O fim do romance

Foi num livro de capa vermelha, numa encadernação de mau gosto, que eu descobri Dostoievski. Os irmãos Karamazov. Todo o peso daquela estória abriu-me, cedo, o gosto pelo romance. Ainda hoje conservo o livro mas, à partida, não conservo a mesma paixão em descobrir personagens, estórias, pensamentos cruzados, factos, narrativas. Deve ser do tempo fácil que vivemos. Um tempo de aspas, sem grandes reflexões nem convicções, um tempo de twitter, de coisas sem interesse, fúteis e curtas. Ainda me apaixonei por Mishima, por Yourcenar; recentemente pela tristeza literária de Philip Roth, pela modernidade sensível de Ian McEwan. Mas sempre que encaro um romance para ler, que continuo a comprar como se não estivesse contagiado pelo fastio universal do tempo, faço-o mais por vício do que por convicção. E gosto quase sempre.

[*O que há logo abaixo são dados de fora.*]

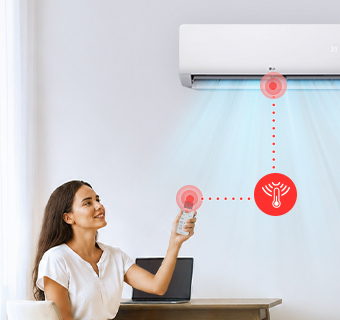 Visualization of all-cleaning technology in an air conditioner, showing a self-cleaning process with blue airflow.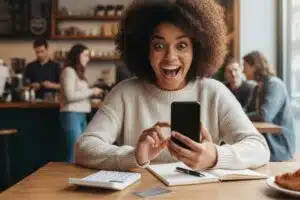 Assurance-vie Green-Got : 0% de frais cachés, comment ça marche vraiment ? femme-dans-coffee-shop-qui-ouvre-assurance-vie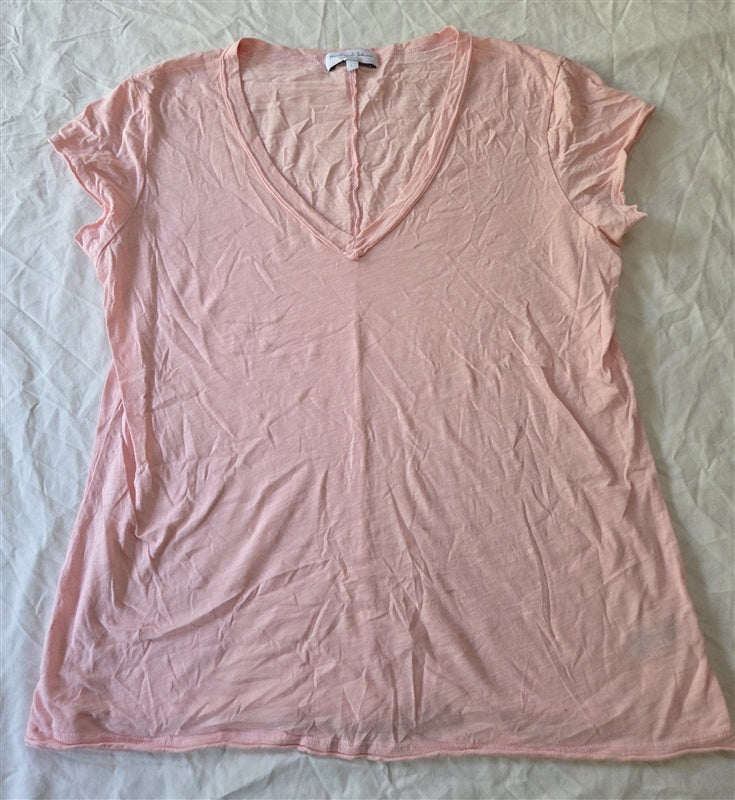 NWOT Michael Stars L Baxter Raw Hem V Neck Short Sleeve T Shirt Pink 136853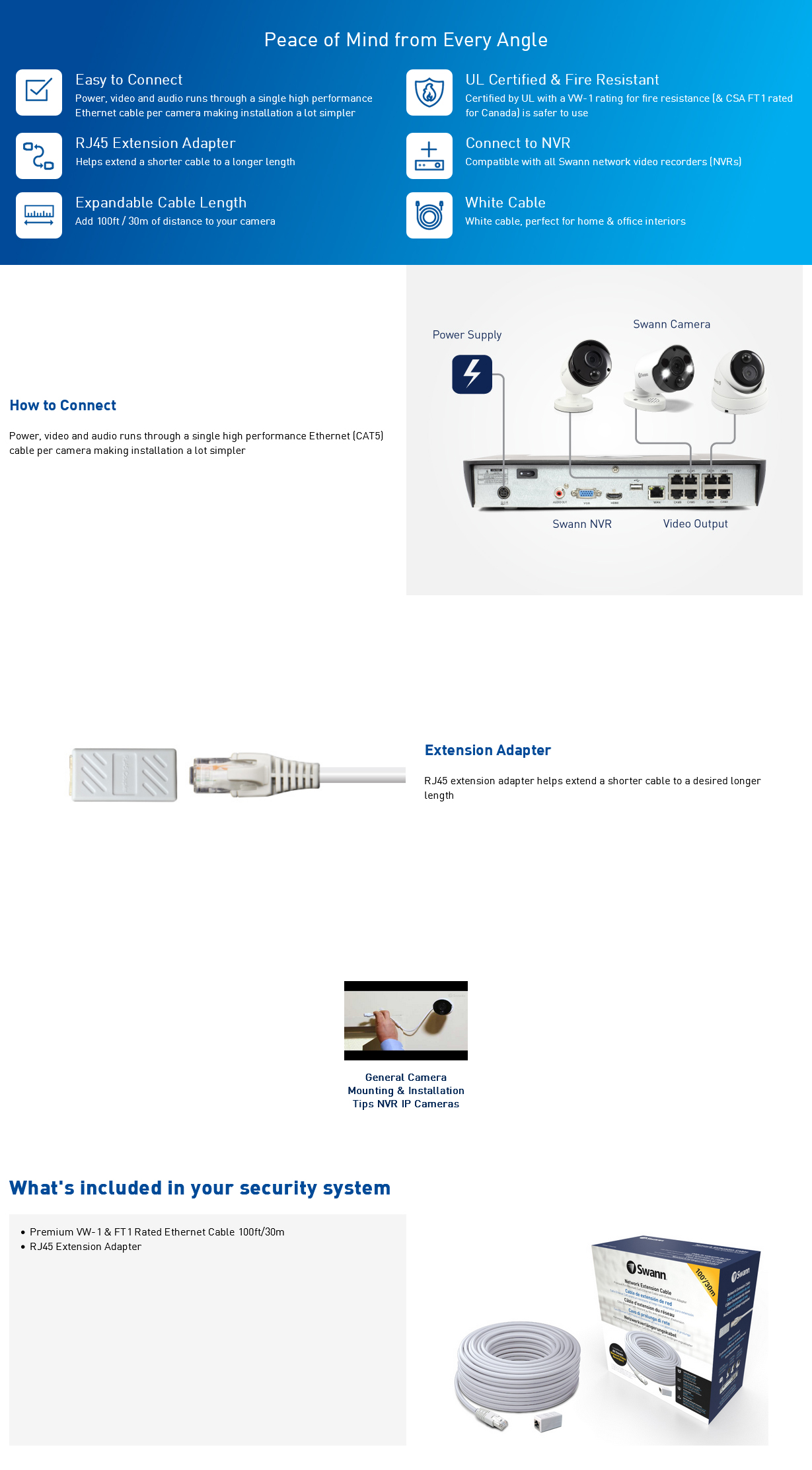 Swann 100ft/30m Network Extension Cable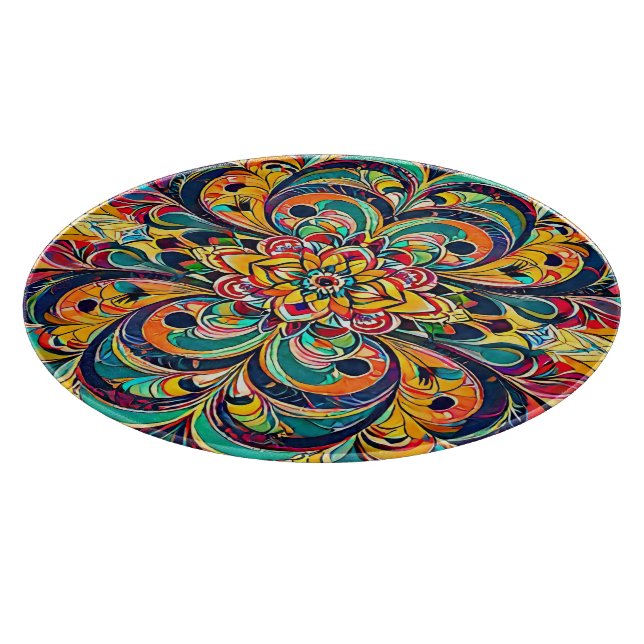 Colour Symphony Mandala – Bold Psychedelic Floral Cutting Board (Corner)
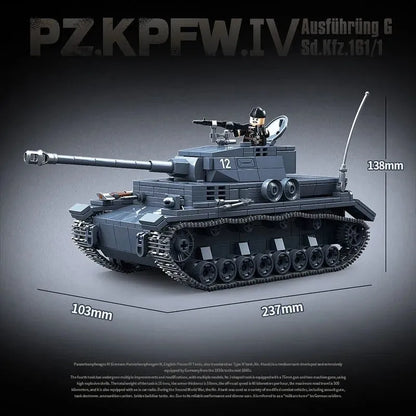 Type 4 G Tank Panzer IV plastic building block toy set for youth aged 7 to 14 years old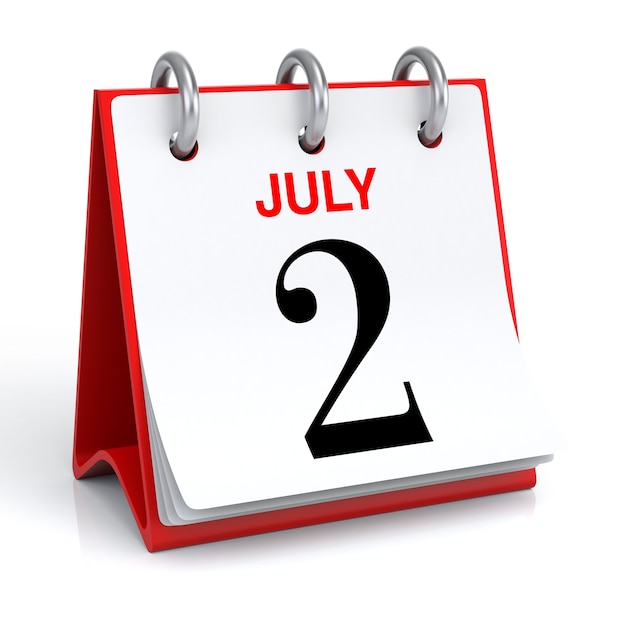 Rendering 3d del calendario di luglio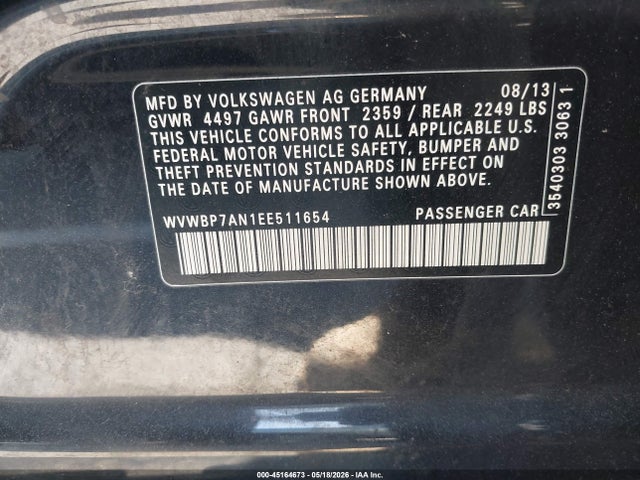 Продажа на аукционе авто 2014 Volkswagen Cc 2.0t R-line, vin: WVWBP7AN1EE511654, номер лота: 45164673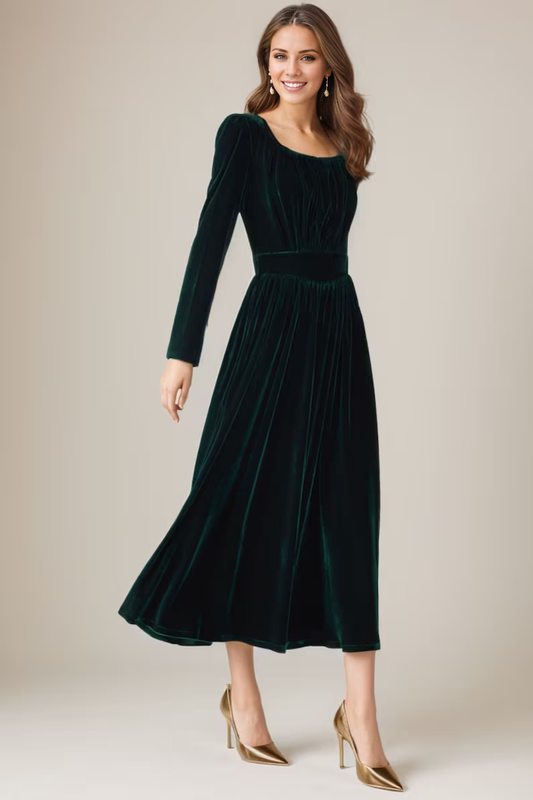 Wholesale Elegant Velvet Dress Long Sleeves Dress V Neck Formal Dress for Wedding Guest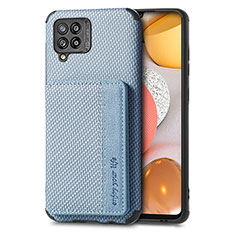 Custodia Silicone Ultra Sottile Morbida Cover con Magnetico S01D per Samsung Galaxy A42 5G Blu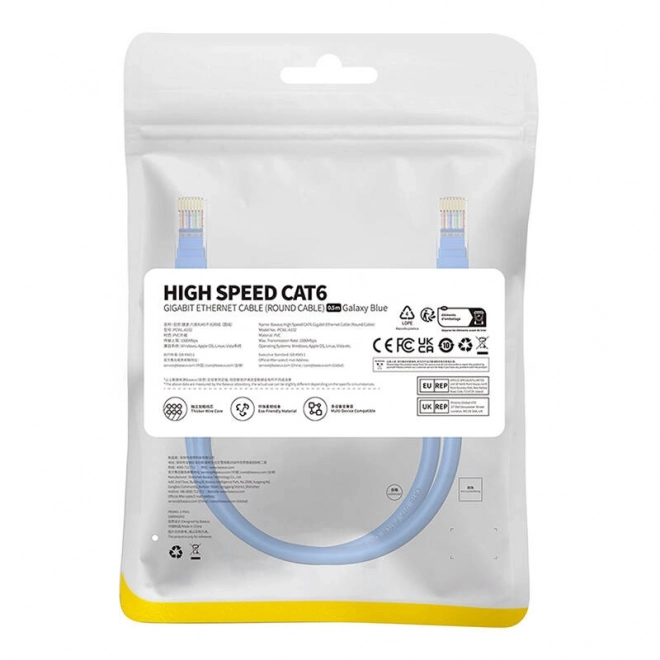 Kerek Baseus Ethernet RJ45 kábel, Cat.6, 0,5 m (kék)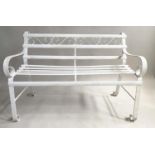 GARDEN BENCH, early 20th century Regency style, white painted wrought iron, 120cm W.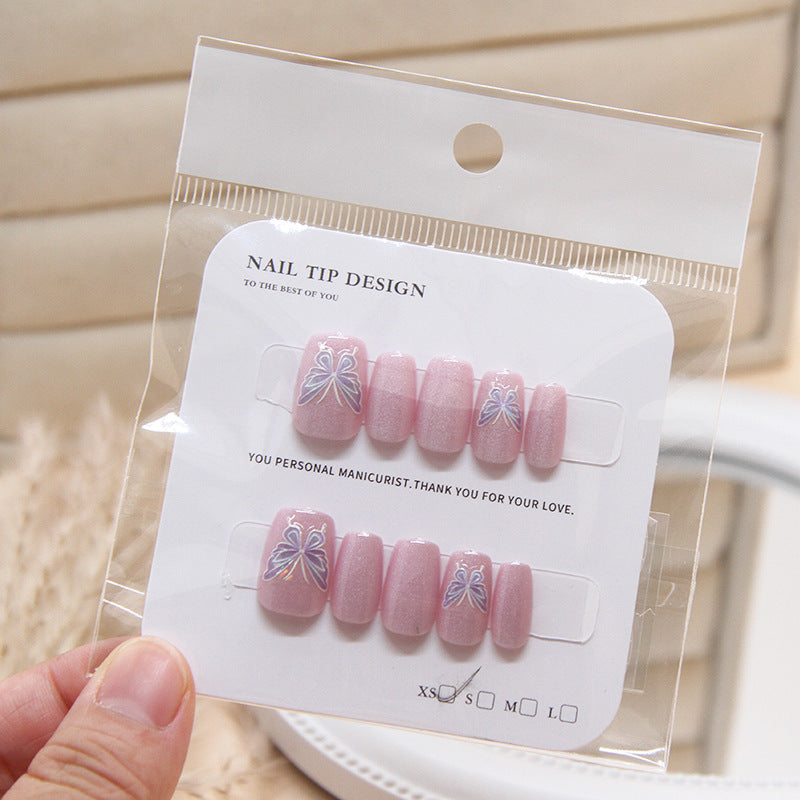 Butterfly Cat Eye Gradient（Handmade press on nails）/10Pcs Squoval Nails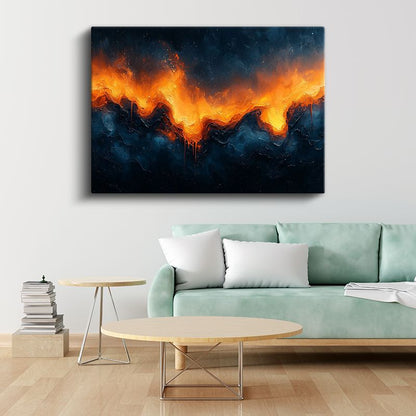 Ateş Dalgaları - Turuncu Alev Kanvas Tablo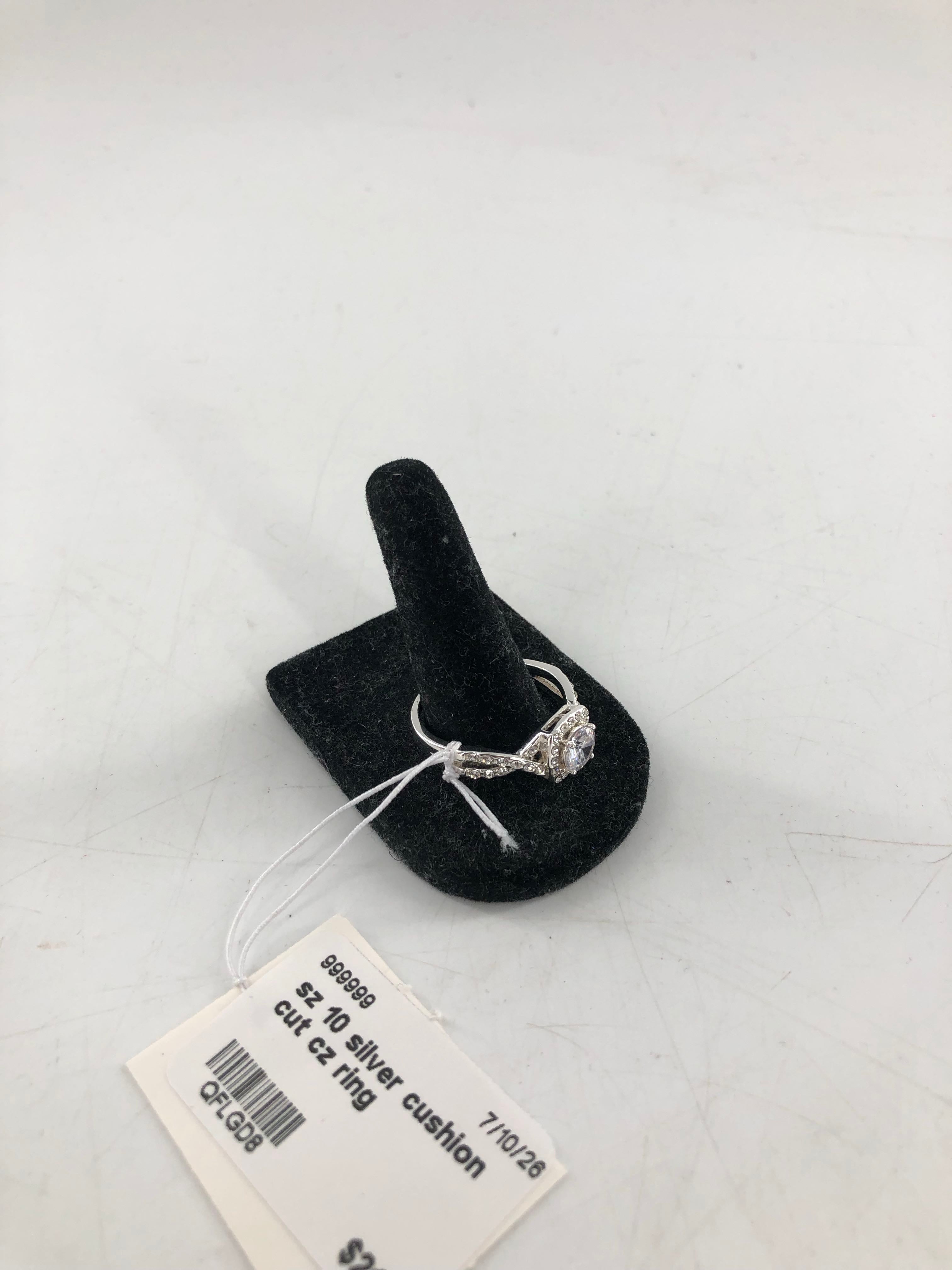 sz 10 silver cushion cut cz ring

Nestas férias em que conheci Shirin Ebadi volto a José Luís Peixoto, desta vez ao Cemitério de Pianos que estava a marinar há mais de um ano, e reparo que o não romance de Peixoto cativa pela poesia dos pormenores. Pelas mãos vincadas de vermelho por uma saca plástica, pelos fios de luz que saem dos estores mal fechados. Pela poesia disfarçada de romance, só para me arreliar.